Partition coefficients for calcic plagioclase: Implications for Archean anorthosites

Abstract

By the use of a multiple aliquot technique combined with statistical calculations to overcome effects of alteration and contamination, we have determined partition coefficients ( D' s) for rare earth elements (REEs) between natural, high-Ca plagioclase megacrysts and their basaltic matrices. Some of the basalts that we investigated are shown experimentally to crystallize only high-Ca plagioclase over approximately a 20–30°C temperature interval below the liquidus. The REE D' s agree well with experimentally determined values and predict equilibrium melts for Archean anorthosites that agree well with coeval basaltic flows and dikes.

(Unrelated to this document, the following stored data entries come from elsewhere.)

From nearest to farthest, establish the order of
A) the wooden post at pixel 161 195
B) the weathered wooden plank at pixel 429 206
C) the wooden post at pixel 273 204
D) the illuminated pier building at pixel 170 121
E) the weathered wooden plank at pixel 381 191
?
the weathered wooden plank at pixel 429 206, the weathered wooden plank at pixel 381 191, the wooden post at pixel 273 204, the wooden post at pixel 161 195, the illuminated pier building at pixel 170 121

Furthermore, the D' s appear to be valid for both tholeiitic and alkali basalts over a range of mg numbers (34–58) and REE concentrations (La from 3–50 ppm). Similarly calculated D' s for Co, Sc, Cr, Rb, Sr, Cs, Ba, Hf, Ta, and Th also predict equilibrium melts for anorthosites that agree reasonably well with coeval basaltic flows and dikes. The apparent values for Co, Sc, and Ta seem good to better than 50%, whereas the standard deviations for Rb and Th are equal to their means, making the D' s of questionable value. The others are useful probably to within a factor of 2. Experimental studies of the D for total Fe as FeO T indicate a value of about .04 at an oxygen fugacity slightly below that of the QFM buffer. A by-product of the FeO T experiments was the experimental D' s for MgO, TiO 2, and K 2O which could be compared with the D' s from natural assemblages. From the D' s that were determined, we suggest that plagioclase megacrysts in the Bad Vermilion Lake anorthosite were in equilibrium with melts having the composition of tholeiitic basalts at an oxygen fugacity slightly below the QFM buffer. The predicted melts have an FeO T content of about 13%, K 2O of about. 15%, TiO 2 of about 1.3%, a chondrite-normalized REE pattern that is nearly flat at 10 to 20 × chondrites with a slight depletion of LREEs, other incompatible trace elements at 10 to 20 × chondrites, and Cr and Co at 0.01 to 0.1 × chondrites. This range of compositions is essentially identical to the tholeiitic flows and dikes in Archean greenstone belts. We, therefore, suggest that the moderately Fe-rich tholeiites that are hosts to plagioclase megacrysts in greenstone belts form the parental melts for megacrysts which make up the Bad Vermilion Lake anorthositic complex and probably other similar Archean anorthositic complexes.